Crop factor is probably not the best term as we normally use it for a full-frame lens mounted on an APSC sensor, since the image circle of the lens remain same, but cropped in the middle. I would say the the "Smaller sensor" have an indirect impact on Dof (Depth of field). Now, if you see the Dof calculating formula (Google it, if you like) has no variable for the size of sensor.

However, the focal length is inversely proportional to it. That means at longer (higher) focal length, shallower (less) is the Dof. There are two other parameters (f stop and magnification) but the point to notice is, the sensor size determines how much focal length you need to give you an "angle of view".

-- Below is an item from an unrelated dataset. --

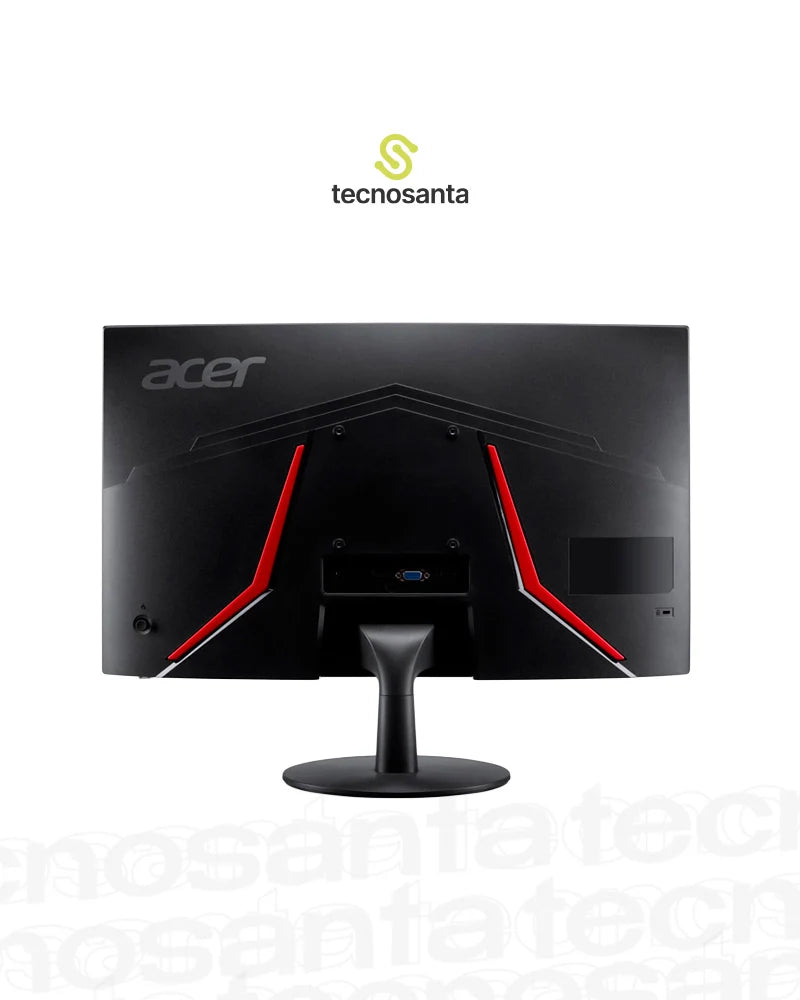 MONITOR ACER NITRO CURVO 24" - ED240Q HBI - FHD - TASA DE REFRESCO 180HZ - 1MS - HDMI - VGA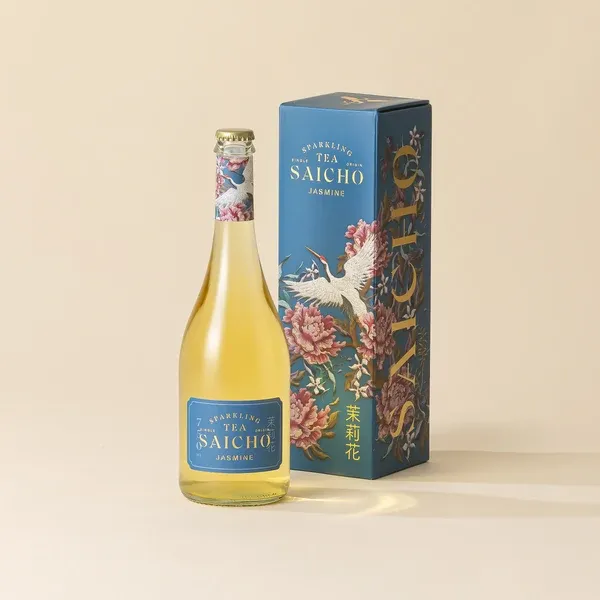 Saicho Jasmine Sparkling Tea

So larger the sensor size is, longer focal length you need to produce an image circle that is big enough to cover the sensor size!

That's why you notice shallower Dof on 50mm f/1.8 lens on full frame camera body then a 50mm (Fullframe Equivalent) f/1.8 lens on 4/3. Because 50mm (Equivalent) coverage on 4/3 camera can be achieved by an image circle with a lens of 25mm (Physical) focal length. Which is less than 50mm, so Dof is deeper.

When a lens designer / engineer see the mathematical equation he would bluntly state, "Sensor size has no impact on Dof", while an experienced photographer will swear on his life that "it does".